What does the Queen's vehicle bill mean for motorists?
Millions will be set aside in bid to make UK a world leader in transport technology
The government plans to introduce new measures to bolster the infrastructure for driverless, electric and hydrogen-powered cars as the UK sets out to become a global leader in automotive technology.
Announced during the Queen's speech, the Automated and Electric Vehicle Bill "will be introduced to ensure the United Kingdom remains a world leader in new industries, including electric cars".
The bill commits the government to improving the facilities for electric and hydrogen cars on UK roads, which it hopes will entice buyers to invest in vehicles powered by renewable sources.
It also plans to force autonomous vehicle owners to buy insurance as automakers are beginning to trial driverless cars on public roads.
Pushing for better infrastructure for EVs
Under the Automated and Electric Vehicle Bill, the government plans to build "infrastructure that supports development and also consumer uptake of electric and autonomous cars", says Autocar.
This includes measures to force "motorway services and major petrol station operators to build charging spots alongside traditional fuel pumps" to improve charging availability for electric and hydrogen-powered cars, says Engadget.
The government is investing "more than £200m in research and testing infrastructure", says the BBC, and is "hopeful that the advent of driverless cars can have a profound impact on road traffic accidents".
But one of the toughest challenges electric carmaker Tesla has had to overcome since launching its Model S in 2012 is convincing the customer that the vehicle won't "run out of juice before reaching its destination or a charging station", says BGR.
This is commonly referred to as range anxiety.
Dr Ben Lane, director of electric vehicle changing company Zap-Map, told Sky News that increasing charging outlets in the UK will be "strongly welcomed" and should reduce the effect of range anxiety.
He says: "Together with more open access, it's exactly what the market needs and electric vehicle drivers will welcome this development".
Insurance for driverless cars will be mandatory
Autonomous vehicles will also need to be insured to drive on UK roads.
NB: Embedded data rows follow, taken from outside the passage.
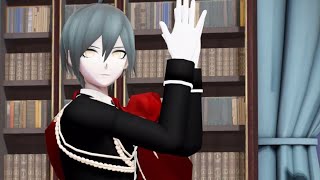 DRV3 MMD 『 Hand Clap 』 Shuichi Saihara [upl. by Wanids]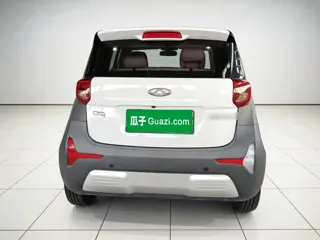 Chery QQ Little Ant 2021 купить из Китая, цена 985 000 ₽ — Suifenhe Auto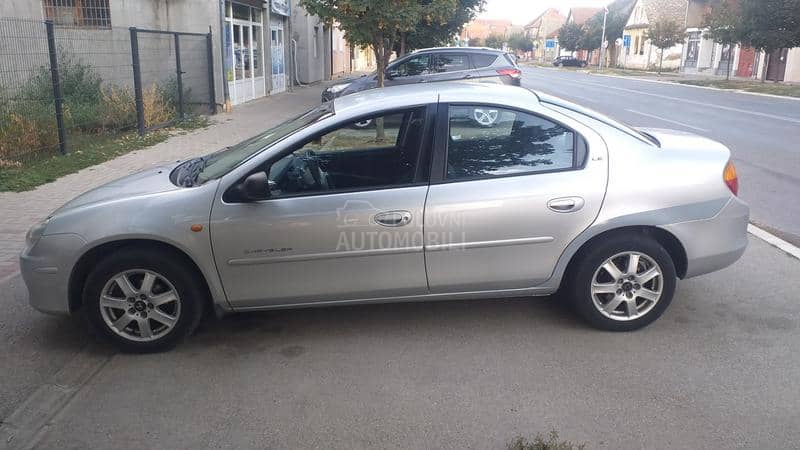 Chrysler Neon 1.6 SE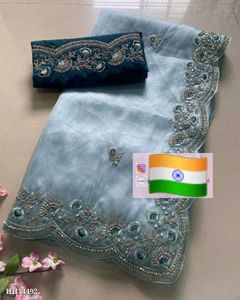 Soft Rombo Silk Saree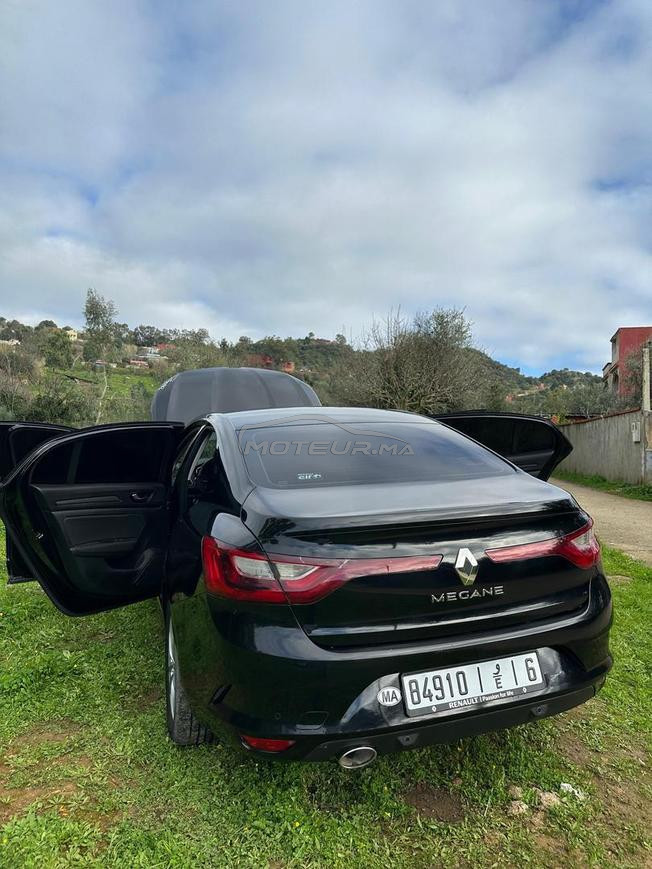 Megane 4 2020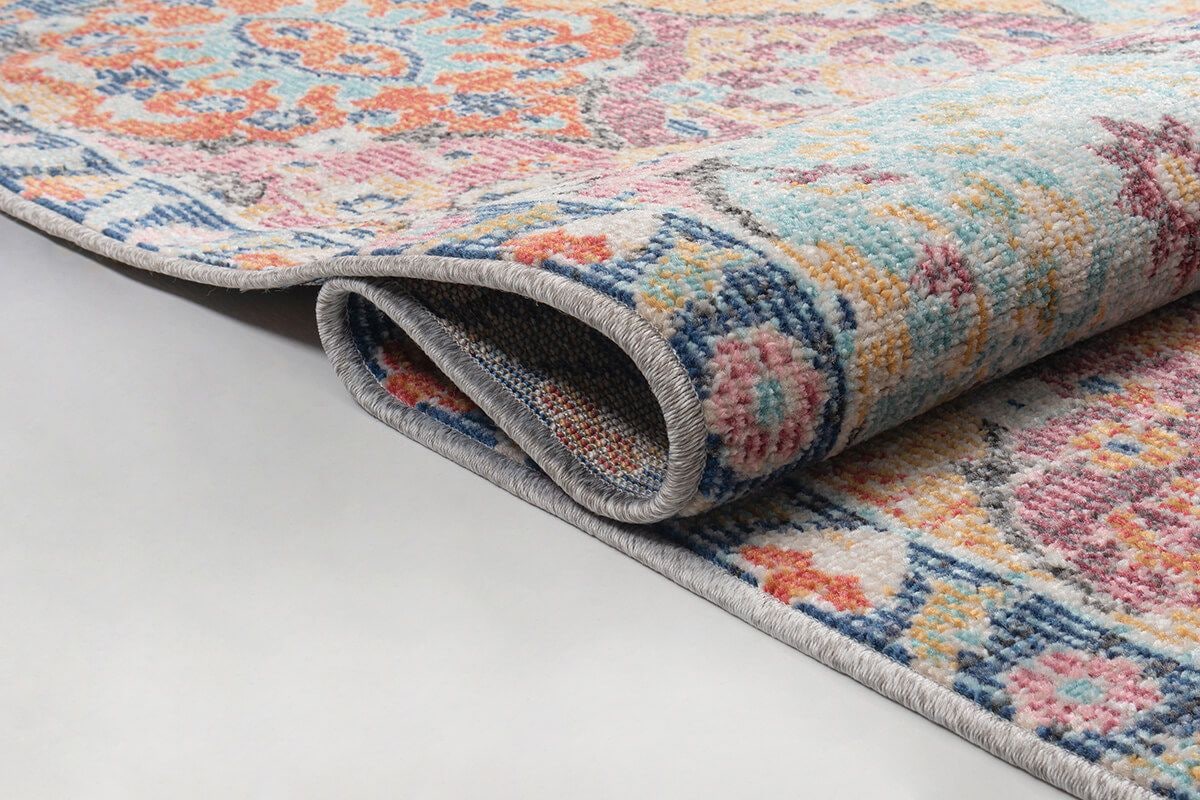 the carpet Tapis »Palma« Rectangulaire 4 mm Höhe Outdoor moderner robuster In und Outdoor Teppich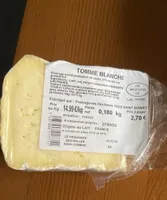 Tomme blanche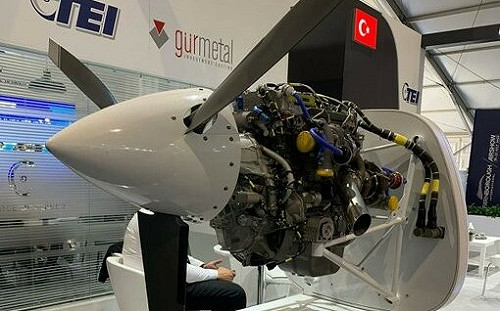 (影)土耳其TB-3無人機 實現兩棲攻擊艦起降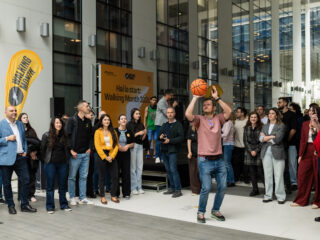 Încep înscrierile la Walking Month 2026 – Ținem educația în mișcare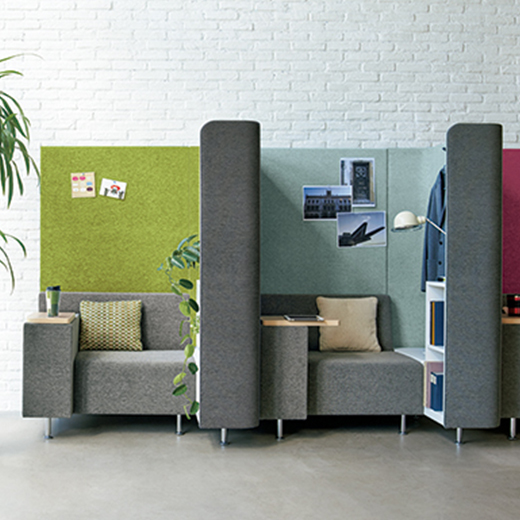 PLUS WEB CATALOG | ブース | シリーズ一覧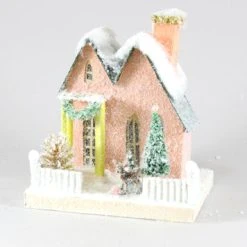 Cody Foster Little Deer Putz House New!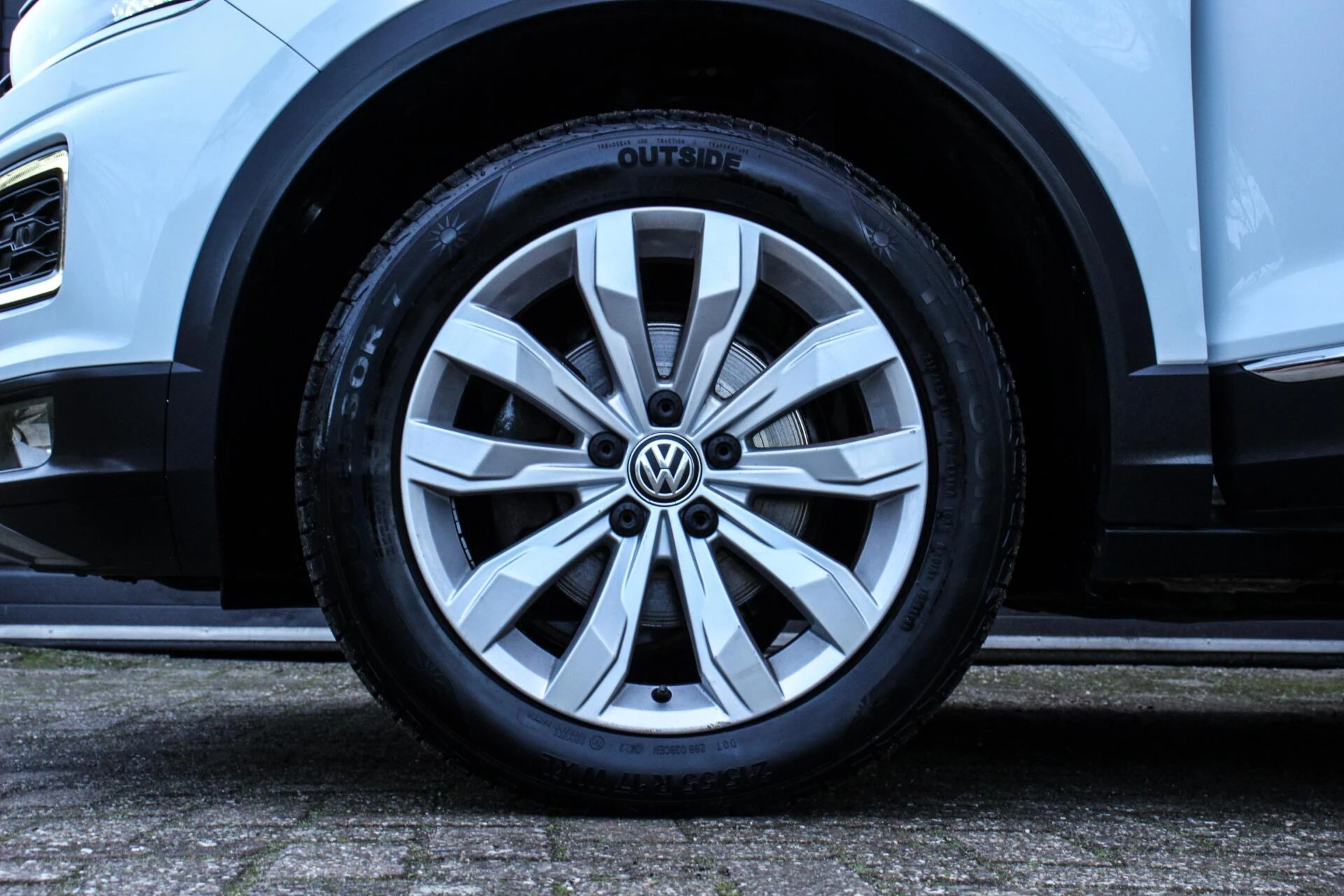 Hoofdafbeelding Volkswagen T-Roc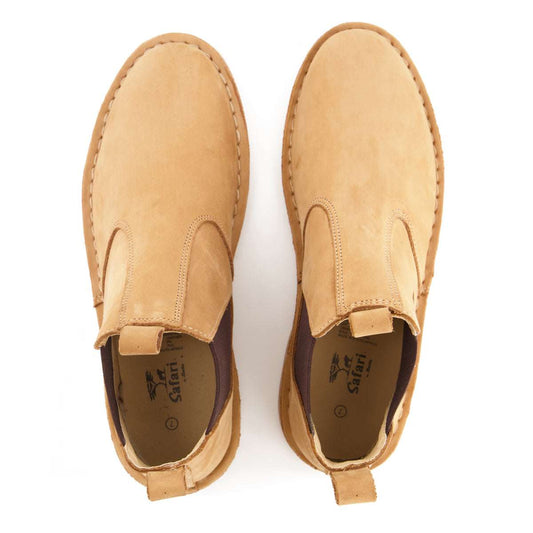 BATA SAFARI ADVENTURE MENS TAN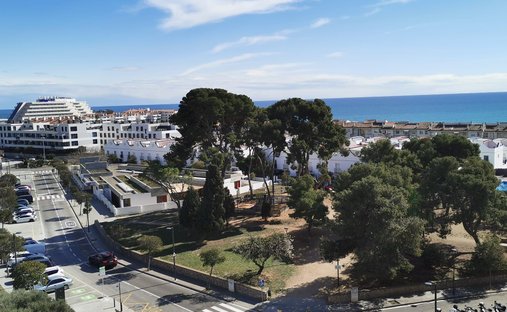 Apartment in Sitges, Catalonia, Spain 1
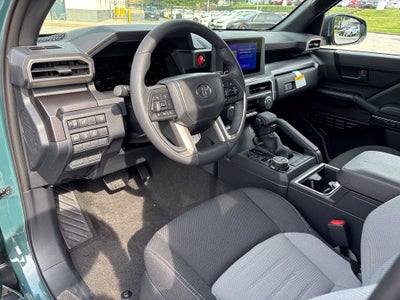 2026 Toyota 4Runner TRD Off-Road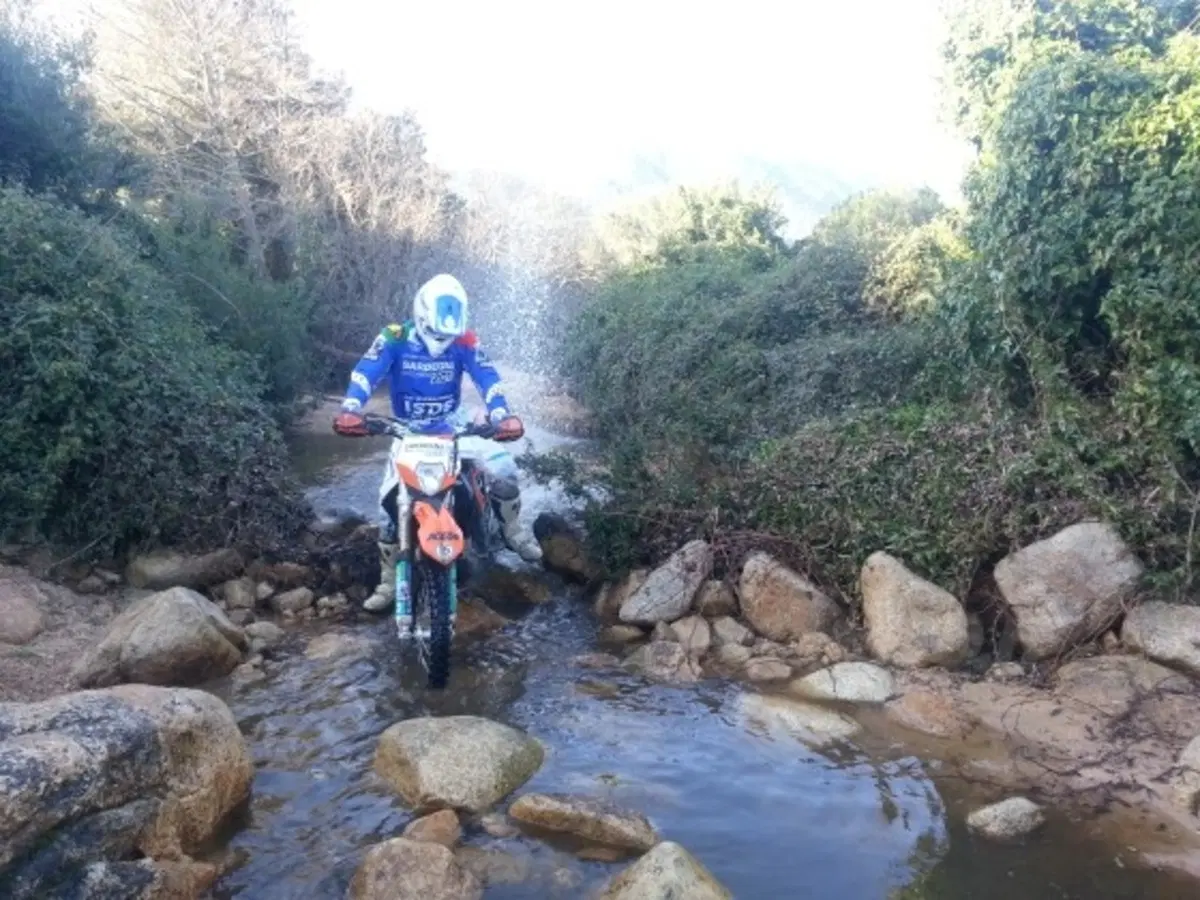Sei Giorni di Enduro 2013: in Sardegna per festeggiare i 100 anni (7)
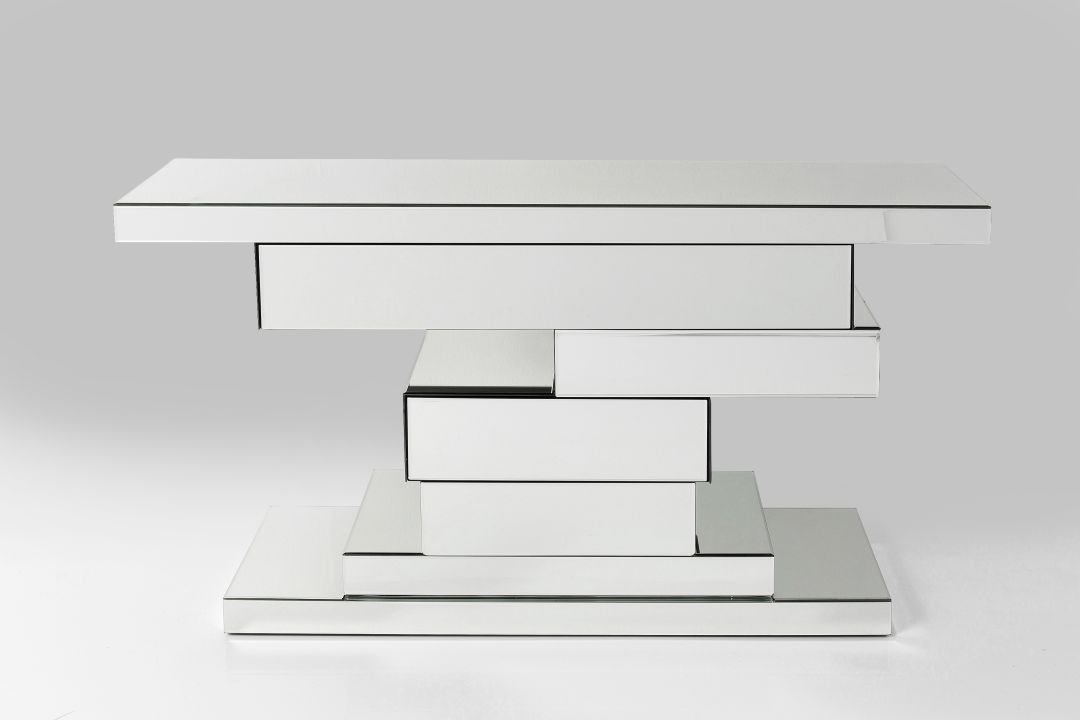 KARE Konsole Brick Mirror 84409
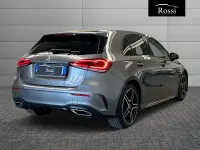 Usata Mercedes A180 Premium 116 CV (85 kW) 2021 Grigio medio metallizzato Berlina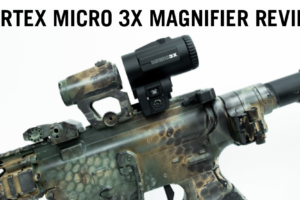 Vortex Micro 3x Magnifier Review: How Micro Is It?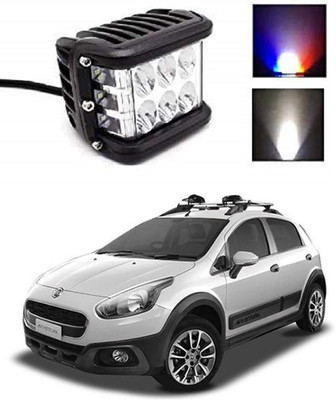 PRTEK LED Fog Lamp Unit for Fiat Avventura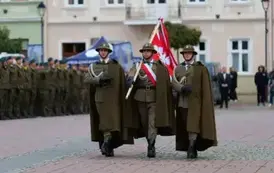 Drugi dzień obchod&oacute;w 105. rocznicy przybycia 2 Pułku Strzelc&oacute;w Podhalańskich do Sanoka 58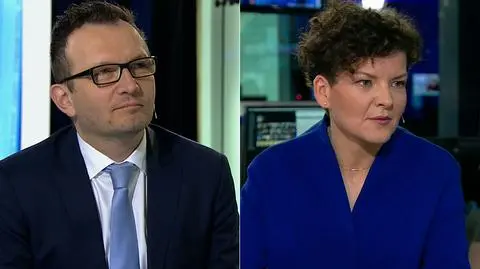 Dr Artur Rycak i Magdalena Kaszulanis o sytuacji rodziców wobec strajku nauczycieli
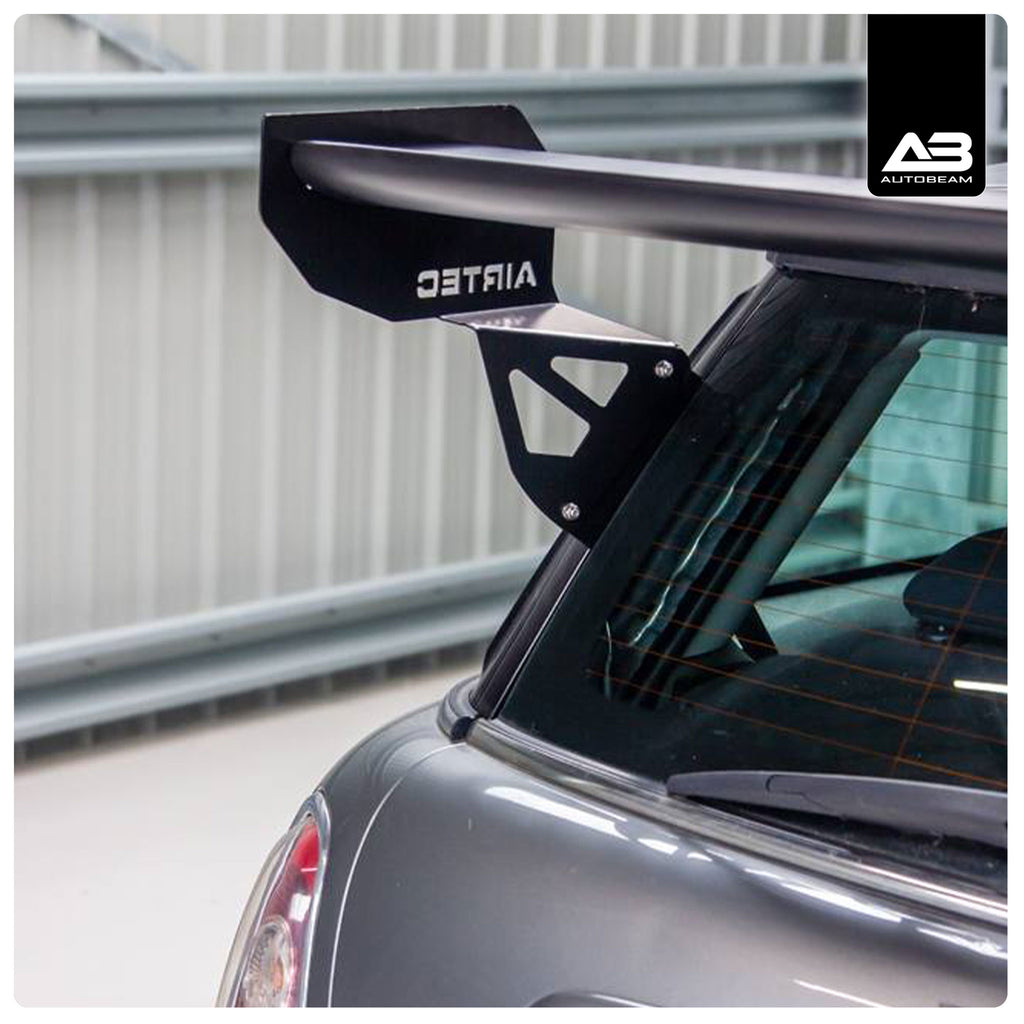 REAR WING | MINI COOPER S R53 & R56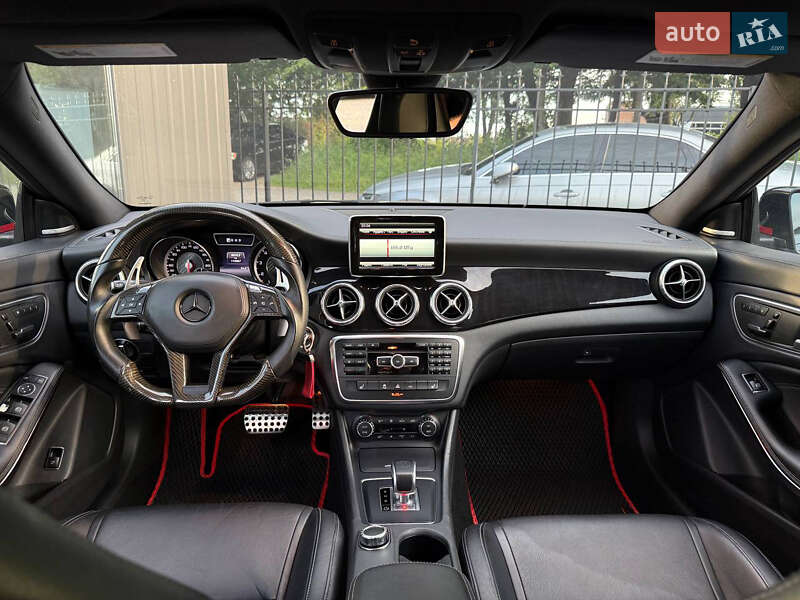 Седан Mercedes-Benz CLA-Class 2014 в Хмельницком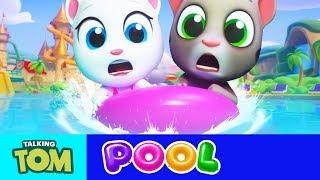 Talking Tom Pool - Jump In! (Official Launch Trailer)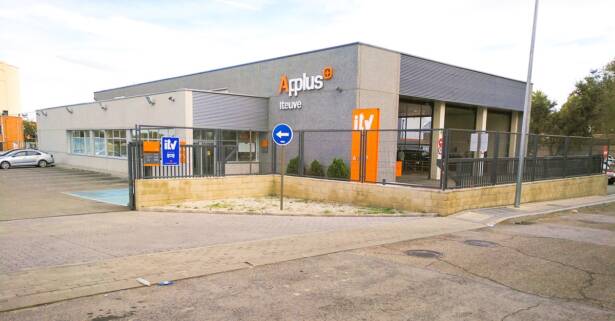 Madrid ITV para motocicletas o vehículos en Applus ITV San Blas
This falls in line with existing laws for cars with conventional combustion engines.
Andy Watson, head of insurance firm Aegis UK, told Insurance Business that the bill would be appreciated by both drivers and insurers.
He says: "The technology is rapidly developing and it is important that the law keeps pace to allow its testing and eventual adoption on UK roads.
"The economic, safety and societal benefits of automated vehicles are clear and we will work with transport ministers and parliamentarians to ensure the legislation is robust and fit for purpose."
Last year, Business Insider reported that "one of the biggest benefits of autonomous cars will be improved safety" as the majority of driverless systems feature driver aids such as automatic emergency braking and software to keep drivers in their lane.
The sensors on these vehicles are so advanced that they could have faster reaction times than human drivers and would therefore be safer, argues the website.
But if an incident does happen while a car is in an autonomous mode, Wired says insurers could "attempt to recover costs from the manufacturer" as it would theoretically be the vehicle's computer that caused the accident – not the driver.